2. The gas purification method according to claim 1 , wherein the faujasite type zeolite whose cation is sodium is exposed to the air or a gas containing water, and then is subjected to heat-regeneration to adsorptively remove the carbon dioxide.
3. A gas purification method in which a gas to be purified which contains carbon dioxide as an impurity is brought into contact with an adsorbent composed of a faujasite type zeolite whose cation is lithium to adsorptively remove the carbon dioxide, characterized in that the faujasite type zeolite whose cation is lithium is subjected to an initial activation at 300° C. or higher, and subjected to heat-regeneration at 240° C. or lower in a subsequent regeneration process to adsorptively remove carbon dioxide repeatedly.

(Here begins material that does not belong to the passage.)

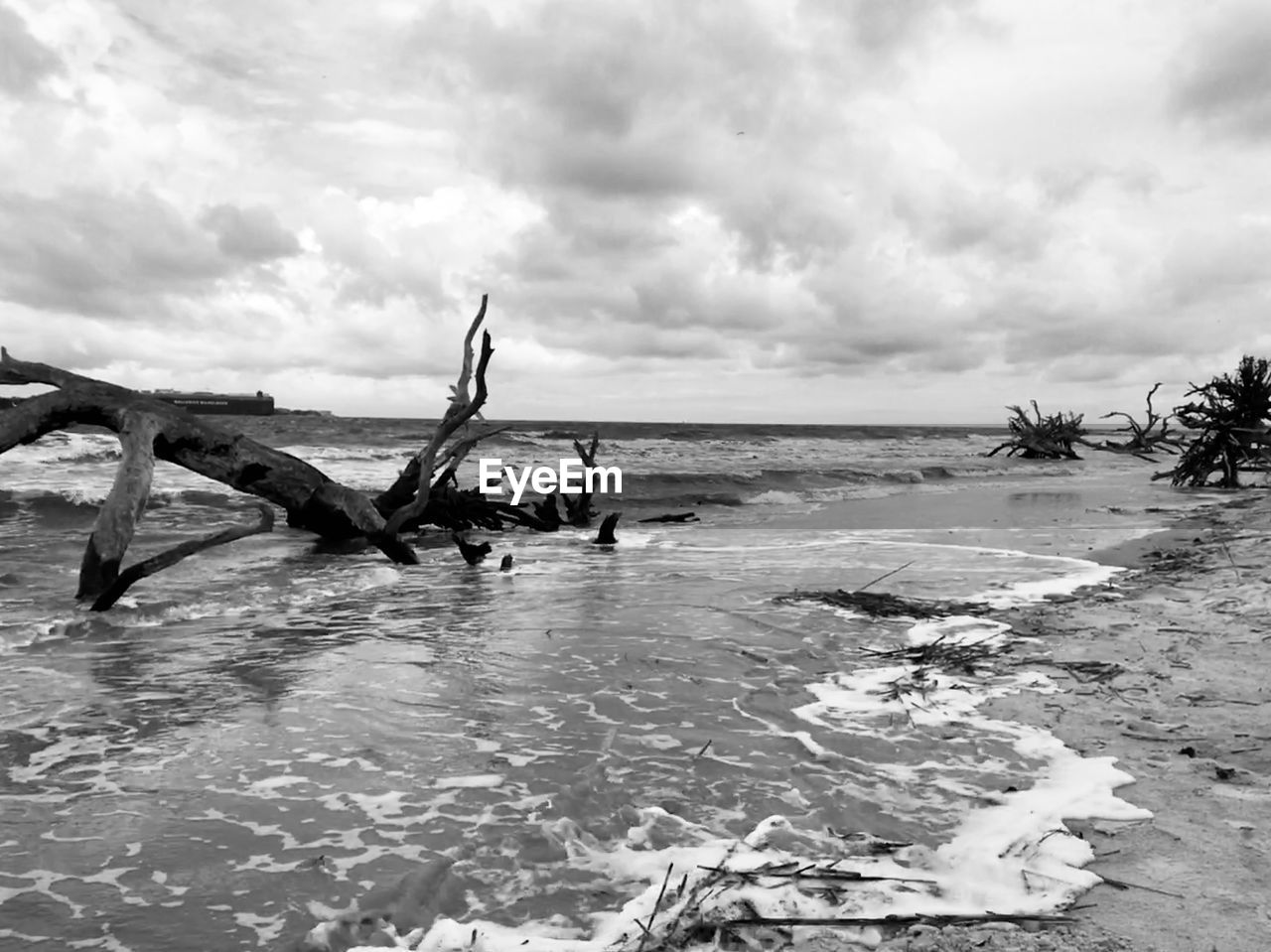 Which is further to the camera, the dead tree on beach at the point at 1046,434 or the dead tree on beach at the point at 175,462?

4. A purification method in which: a gas to be purified which contains carbon dioxide and water as impurities is brought into contact with an adsorbent composed of a faujasite type zeolite whose cation is sodium to adsorptively remove a part of carbon dioxide and water; and
in the downstream thereof, the gas is brought into contact with an adsorbent which is subjected to an initial activation at 300° C. or higher and composed of a faujasite type zeolite whose cation is lithium to adsorptively remove the residual carbon dioxide, wherein the regeneration temperature of both adsorbents is from 160° C. to 240° C.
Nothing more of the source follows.